Pero en su sufrimiento, supo encontrarme a mí, preocuparse por mí… Por un momento yo entré en su mundo y su mundo tenía sitio para mí…
-—Bien, Joseff. Yo estoy bien; mejor que tú —le contesté.
Volvimos a quedar en silencio. Mientras, le observaba cómo, temblando, mojaba una galleta María en la manzanilla bien caliente que unos momentos antes le había preparado y cómo con dificultades se la llevaba a la boca para comerla, pausadamente, con cuidado de no romperla con el temblor de la mano.
Joseff es joven, no tiene aún cuarenta años. Le conocemos desde hace algún tiempo y no quiere nada. Cuando le vimos por primera vez nos acercamos a él, como siempre, con las manos vacías para ofrecer: él nos dirá. Pero Joseff no nos dijo nada, no quería nada. Y desde entonces hacemos lo que tenemos que hacer: “ESTAR” con él, ACOMPAÑARLE, RELACIONARNOS con él. ¿Hasta cuándo? Él será quien nos diga; habrá que esperar…
—¿Y si no llega nunca el querer cambiar?
—Habrá que seguir esperando, porque no quiero ser yo quien también tire la toalla y le deje solo.
—Pero así no cambiará nunca —me dicen y, a veces, me digo—. La compañía, el estar con él, está bien para un tiempo, luego hay que presionar, es angustioso verlo así.
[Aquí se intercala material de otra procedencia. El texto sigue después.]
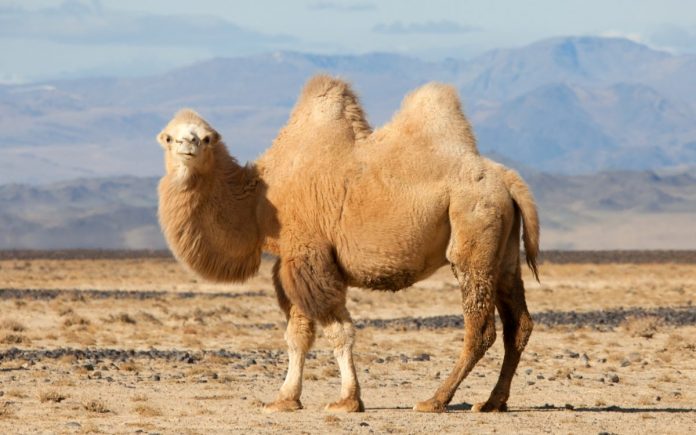 bactrian-camel-1200x750-deve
Muchas veces nos falta la paciencia. Nuestras angustias pueden más y nos hacen exigir. En el fondo descubrimos que nuestros objetivos no están en lo que Joseff quiere, sino en lo que nosotros creemos que debería querer Joseff. Y condicionamos su libertad de decisión, por pequeña que ésta sea, a nuestros propios intereses, por muy respetables que estos sean. Queremos que Joseff cambie, aunque él no nos haya hecho señales de que quiera cambiar, porque queremos liberarnos de nuestras propias angustias. Con este pretender que cambie a pesar de él, hemos desdeñado su persona y nuestro estar, nuestro acompañar se hace condicionado y deja de ser gratuito: a cambio de nuestra compañía y de nuestra relación Joseff debe de quitarnos nuestras angustias y aceptar cambiar “para su bien”.